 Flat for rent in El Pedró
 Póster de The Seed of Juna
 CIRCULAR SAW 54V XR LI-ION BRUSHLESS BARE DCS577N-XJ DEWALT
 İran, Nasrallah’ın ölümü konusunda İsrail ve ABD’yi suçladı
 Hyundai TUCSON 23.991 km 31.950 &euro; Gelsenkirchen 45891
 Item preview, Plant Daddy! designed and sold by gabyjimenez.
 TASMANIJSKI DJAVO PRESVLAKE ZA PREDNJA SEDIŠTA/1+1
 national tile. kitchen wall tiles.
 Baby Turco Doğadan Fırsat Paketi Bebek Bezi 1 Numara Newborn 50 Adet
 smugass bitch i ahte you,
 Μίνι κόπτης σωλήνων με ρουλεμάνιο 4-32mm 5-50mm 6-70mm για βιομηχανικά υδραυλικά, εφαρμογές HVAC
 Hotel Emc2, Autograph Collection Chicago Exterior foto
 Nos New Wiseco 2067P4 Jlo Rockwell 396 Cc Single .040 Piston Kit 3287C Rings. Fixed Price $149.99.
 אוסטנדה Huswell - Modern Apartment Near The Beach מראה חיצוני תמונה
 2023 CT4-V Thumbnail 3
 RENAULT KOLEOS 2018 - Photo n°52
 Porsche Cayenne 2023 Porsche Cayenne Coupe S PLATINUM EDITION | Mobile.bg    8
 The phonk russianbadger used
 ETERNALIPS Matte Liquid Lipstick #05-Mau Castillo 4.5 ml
----------------------------------------
#### [Directions for this task]
Only the lines from the one containing "Hyundai TUCSON 23.991" through the last line of the records belong in the answer, each written out exactly.

#### [Response to the exercise]
 Hyundai TUCSON 23.991 km 31.950 &euro; Gelsenkirchen 45891
 Item preview, Plant Daddy! designed and sold by gabyjimenez.
 TASMANIJSKI DJAVO PRESVLAKE ZA PREDNJA SEDIŠTA/1+1
 national tile. kitchen wall tiles.
 Baby Turco Doğadan Fırsat Paketi Bebek Bezi 1 Numara Newborn 50 Adet
 smugass bitch i ahte you,
 Μίνι κόπτης σωλήνων με ρουλεμάνιο 4-32mm 5-50mm 6-70mm για βιομηχανικά υδραυλικά, εφαρμογές HVAC
 Hotel Emc2, Autograph Collection Chicago Exterior foto
 Nos New Wiseco 2067P4 Jlo Rockwell 396 Cc Single .040 Piston Kit 3287C Rings. Fixed Price $149.99.
 אוסטנדה Huswell - Modern Apartment Near The Beach מראה חיצוני תמונה
 2023 CT4-V Thumbnail 3
 RENAULT KOLEOS 2018 - Photo n°52
 Porsche Cayenne 2023 Porsche Cayenne Coupe S PLATINUM EDITION | Mobile.bg    8
 The phonk russianbadger used
 ETERNALIPS Matte Liquid Lipstick #05-Mau Castillo 4.5 ml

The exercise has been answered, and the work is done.